Create and alter Azure Storage external tables

The following command describes how to create an external table located in Azure Blob Storage, Azure Data Lake Store Gen1, or Azure Data Lake Store Gen2.

For an introduction to the external Azure Storage tables feature, see Query data in Azure Data Lake using Azure Data Explorer.

.create or .alter external table

Syntax

(.create | .alter | .create-or-alter) external table TableName ( Schema )
kind = storage
[partition by ( Partitions ) [pathformat = ( PathFormat )]]
dataformat = Format
( StorageConnectionString [, ...] )
[with (PropertyName = Value , ... )]

Creates or alters a new external table in the database in which the command is executed.

Note

  • If the table exists, .create command will fail with an error. Use .create-or-alter or .alter to modify existing tables.
  • The external table is not accessed during creation time. It will only be accessed during query / export. You can use the validateNotEmpty (optional) property during creation time to make sure the external table definition is valid and that the underlying storage is accessible.
  • The operation requires database user permission for .create and table admin permission for .alter.

Parameters

TableName

External table name that adheres to entity names rules. An external table can't have the same name as a regular table in the same database.

Schema

External data schema is described using the following format:

  ColumnName : ColumnType [, ColumnName : ColumnType ...]

where ColumnName adheres to entity naming rules, and ColumnType is one of supported data types.

Tip

If the external data schema is unknown, use the infer_storage_schema plug-in, which helps infer the schema based on external file contents.

Tip

For CSV data files, having files with non-identical schema under the same storage container might result in data appearing shifted or missing.
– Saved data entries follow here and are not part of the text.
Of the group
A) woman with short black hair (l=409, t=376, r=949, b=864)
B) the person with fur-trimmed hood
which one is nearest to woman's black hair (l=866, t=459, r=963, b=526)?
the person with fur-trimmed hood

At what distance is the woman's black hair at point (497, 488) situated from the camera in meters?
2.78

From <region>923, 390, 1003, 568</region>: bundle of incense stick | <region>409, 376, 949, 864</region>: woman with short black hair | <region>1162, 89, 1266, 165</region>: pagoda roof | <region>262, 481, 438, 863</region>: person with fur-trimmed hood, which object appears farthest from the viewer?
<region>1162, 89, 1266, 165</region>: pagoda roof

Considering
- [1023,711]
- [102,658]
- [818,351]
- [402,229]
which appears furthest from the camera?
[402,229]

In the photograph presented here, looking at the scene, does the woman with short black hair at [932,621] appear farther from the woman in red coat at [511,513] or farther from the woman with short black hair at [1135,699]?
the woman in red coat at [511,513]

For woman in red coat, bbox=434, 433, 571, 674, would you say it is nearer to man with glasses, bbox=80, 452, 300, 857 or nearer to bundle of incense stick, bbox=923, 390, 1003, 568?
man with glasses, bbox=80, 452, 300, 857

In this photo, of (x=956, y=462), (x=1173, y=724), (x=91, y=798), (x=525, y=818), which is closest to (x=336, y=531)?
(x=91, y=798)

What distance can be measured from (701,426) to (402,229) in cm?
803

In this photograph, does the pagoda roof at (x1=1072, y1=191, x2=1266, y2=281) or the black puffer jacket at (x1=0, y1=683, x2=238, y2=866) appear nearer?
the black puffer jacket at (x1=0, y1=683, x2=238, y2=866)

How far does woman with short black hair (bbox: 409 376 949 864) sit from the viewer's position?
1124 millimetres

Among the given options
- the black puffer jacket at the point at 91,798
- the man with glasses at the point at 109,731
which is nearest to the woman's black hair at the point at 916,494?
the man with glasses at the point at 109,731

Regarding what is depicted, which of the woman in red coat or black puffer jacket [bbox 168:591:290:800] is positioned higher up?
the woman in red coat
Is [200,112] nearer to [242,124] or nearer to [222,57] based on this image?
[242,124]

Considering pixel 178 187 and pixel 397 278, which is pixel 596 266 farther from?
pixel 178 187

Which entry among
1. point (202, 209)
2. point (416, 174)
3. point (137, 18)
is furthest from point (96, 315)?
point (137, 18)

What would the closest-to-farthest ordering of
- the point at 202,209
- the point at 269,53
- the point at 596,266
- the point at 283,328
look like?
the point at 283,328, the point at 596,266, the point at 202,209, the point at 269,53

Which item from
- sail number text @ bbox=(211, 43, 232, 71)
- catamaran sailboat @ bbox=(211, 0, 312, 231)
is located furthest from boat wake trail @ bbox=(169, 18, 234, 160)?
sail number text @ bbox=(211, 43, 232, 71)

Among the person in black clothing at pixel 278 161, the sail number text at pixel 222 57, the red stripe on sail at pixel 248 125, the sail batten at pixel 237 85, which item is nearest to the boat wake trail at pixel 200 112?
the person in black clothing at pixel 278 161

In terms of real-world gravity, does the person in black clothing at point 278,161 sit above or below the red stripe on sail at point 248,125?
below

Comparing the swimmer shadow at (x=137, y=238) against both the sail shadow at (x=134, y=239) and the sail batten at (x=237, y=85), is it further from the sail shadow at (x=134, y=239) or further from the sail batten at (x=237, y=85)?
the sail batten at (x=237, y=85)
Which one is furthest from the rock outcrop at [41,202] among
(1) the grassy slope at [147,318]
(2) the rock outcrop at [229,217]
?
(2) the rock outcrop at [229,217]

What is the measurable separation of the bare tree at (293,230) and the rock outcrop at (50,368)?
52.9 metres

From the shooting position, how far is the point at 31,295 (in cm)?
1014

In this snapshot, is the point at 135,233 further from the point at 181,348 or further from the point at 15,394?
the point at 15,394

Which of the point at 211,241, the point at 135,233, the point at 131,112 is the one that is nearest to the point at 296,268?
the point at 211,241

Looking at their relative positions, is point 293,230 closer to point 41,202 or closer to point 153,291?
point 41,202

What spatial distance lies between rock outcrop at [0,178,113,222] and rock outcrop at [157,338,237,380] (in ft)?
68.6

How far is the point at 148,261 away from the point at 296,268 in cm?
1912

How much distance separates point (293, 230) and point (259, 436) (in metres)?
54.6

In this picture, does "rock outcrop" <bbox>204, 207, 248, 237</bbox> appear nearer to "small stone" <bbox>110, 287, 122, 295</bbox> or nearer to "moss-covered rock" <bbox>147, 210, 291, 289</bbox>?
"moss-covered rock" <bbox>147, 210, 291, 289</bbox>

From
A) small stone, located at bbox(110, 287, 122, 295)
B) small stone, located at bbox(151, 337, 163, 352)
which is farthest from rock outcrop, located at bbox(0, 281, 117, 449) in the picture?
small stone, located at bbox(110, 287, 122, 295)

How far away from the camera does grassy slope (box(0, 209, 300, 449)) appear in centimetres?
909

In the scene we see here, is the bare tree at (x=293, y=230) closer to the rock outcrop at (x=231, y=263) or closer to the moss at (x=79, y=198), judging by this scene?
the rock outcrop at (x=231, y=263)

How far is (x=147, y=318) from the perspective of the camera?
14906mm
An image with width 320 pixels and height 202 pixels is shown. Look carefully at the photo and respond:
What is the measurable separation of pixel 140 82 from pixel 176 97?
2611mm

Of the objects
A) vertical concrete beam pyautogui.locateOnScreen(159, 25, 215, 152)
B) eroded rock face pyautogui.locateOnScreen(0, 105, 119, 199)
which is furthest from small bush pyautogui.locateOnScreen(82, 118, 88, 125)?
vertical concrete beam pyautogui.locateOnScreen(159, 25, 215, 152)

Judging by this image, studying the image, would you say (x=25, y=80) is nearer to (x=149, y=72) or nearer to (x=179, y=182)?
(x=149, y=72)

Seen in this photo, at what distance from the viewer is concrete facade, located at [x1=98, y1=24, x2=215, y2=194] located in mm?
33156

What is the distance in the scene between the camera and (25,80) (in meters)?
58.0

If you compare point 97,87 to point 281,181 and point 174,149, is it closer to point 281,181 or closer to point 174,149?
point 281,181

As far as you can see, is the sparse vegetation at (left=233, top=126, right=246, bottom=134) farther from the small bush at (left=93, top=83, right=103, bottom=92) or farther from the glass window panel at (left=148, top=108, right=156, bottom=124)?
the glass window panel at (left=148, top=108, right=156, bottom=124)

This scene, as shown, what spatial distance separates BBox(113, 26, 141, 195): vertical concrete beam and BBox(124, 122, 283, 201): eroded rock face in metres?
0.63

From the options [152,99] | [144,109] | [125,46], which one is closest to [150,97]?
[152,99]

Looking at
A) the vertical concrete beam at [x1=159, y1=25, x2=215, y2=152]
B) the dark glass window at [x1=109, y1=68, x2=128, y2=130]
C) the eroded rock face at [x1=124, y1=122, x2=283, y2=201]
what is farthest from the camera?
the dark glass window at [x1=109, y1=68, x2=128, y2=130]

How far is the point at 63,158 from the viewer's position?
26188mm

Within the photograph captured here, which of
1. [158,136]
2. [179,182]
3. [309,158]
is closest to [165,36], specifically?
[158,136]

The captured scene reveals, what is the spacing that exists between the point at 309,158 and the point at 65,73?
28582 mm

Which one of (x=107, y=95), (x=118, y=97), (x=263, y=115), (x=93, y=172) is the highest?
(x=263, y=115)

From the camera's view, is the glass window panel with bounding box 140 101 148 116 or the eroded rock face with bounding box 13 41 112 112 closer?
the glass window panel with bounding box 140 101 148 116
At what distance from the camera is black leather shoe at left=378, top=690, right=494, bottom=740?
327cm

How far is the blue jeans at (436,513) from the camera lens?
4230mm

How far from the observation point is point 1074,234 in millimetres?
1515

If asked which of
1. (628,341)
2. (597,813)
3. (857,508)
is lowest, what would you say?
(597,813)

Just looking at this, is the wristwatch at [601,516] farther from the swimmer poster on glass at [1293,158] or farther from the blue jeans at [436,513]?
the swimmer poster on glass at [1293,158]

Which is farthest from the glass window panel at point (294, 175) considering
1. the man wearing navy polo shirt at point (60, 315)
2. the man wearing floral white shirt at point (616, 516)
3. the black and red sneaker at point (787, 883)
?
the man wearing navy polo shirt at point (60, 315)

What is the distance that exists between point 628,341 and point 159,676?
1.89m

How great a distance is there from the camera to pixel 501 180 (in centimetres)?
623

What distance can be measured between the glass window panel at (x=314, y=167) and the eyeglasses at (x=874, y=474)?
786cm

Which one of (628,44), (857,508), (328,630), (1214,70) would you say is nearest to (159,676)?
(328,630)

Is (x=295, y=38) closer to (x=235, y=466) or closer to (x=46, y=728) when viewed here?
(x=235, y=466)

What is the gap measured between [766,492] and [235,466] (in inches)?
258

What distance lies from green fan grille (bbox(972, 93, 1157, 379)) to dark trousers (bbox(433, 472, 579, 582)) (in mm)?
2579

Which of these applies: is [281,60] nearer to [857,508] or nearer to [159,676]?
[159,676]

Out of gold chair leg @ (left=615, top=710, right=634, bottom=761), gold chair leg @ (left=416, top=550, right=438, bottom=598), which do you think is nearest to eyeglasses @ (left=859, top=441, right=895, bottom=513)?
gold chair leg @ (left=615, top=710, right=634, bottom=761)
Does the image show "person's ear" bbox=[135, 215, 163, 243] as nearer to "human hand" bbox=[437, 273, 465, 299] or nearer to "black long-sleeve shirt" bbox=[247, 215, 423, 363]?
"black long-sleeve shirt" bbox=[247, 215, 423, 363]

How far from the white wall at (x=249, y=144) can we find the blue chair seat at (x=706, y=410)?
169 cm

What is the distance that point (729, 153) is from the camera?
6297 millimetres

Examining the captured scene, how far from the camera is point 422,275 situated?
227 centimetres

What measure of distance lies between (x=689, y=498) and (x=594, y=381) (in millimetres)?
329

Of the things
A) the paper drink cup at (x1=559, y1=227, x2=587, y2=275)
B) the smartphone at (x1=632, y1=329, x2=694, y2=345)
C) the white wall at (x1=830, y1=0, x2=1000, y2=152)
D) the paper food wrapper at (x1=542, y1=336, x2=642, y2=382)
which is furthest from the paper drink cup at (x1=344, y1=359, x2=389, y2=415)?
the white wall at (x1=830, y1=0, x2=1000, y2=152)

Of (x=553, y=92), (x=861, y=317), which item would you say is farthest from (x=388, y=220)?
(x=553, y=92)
If some CSV files miss columns or have extra columns, move them to a different storage container(s) and define another external table(s) matching their schema, so that each external table covers a set of storage containers containing files of an identical schema.

Kind

The type of the external table. In this case, storage should to be used (rather than sql).

Note

Deprecated terms: blob for Blob Azure Storage or Azure Data Lake Gen 2 Storage, adl for Azure Data Lake Gen 1 Storage.

Partitions

Comma-separated list of columns by which an external table is partitioned. Partition column can exist in the data file itself, or as part of the file path (read more on virtual columns).

Partitions list is any combination of partition columns, specified using one of the following forms:

  • Partition, representing a virtual column.

    PartitionName : (datetime | string)

  • Partition, based on a string column value.

    PartitionName : string = ColumnName

  • Partition, based on a string column value hash, modulo Number.

    PartitionName : long = hash ( ColumnName , Number )

  • Partition, based on truncated value of a datetime column. See documentation on startofyear, startofmonth, startofweek, startofday or bin functions.

    PartitionName : datetime = (startofyear | startofmonth | startofweek | startofday) ( ColumnName )
    PartitionName : datetime = bin ( ColumnName , TimeSpan )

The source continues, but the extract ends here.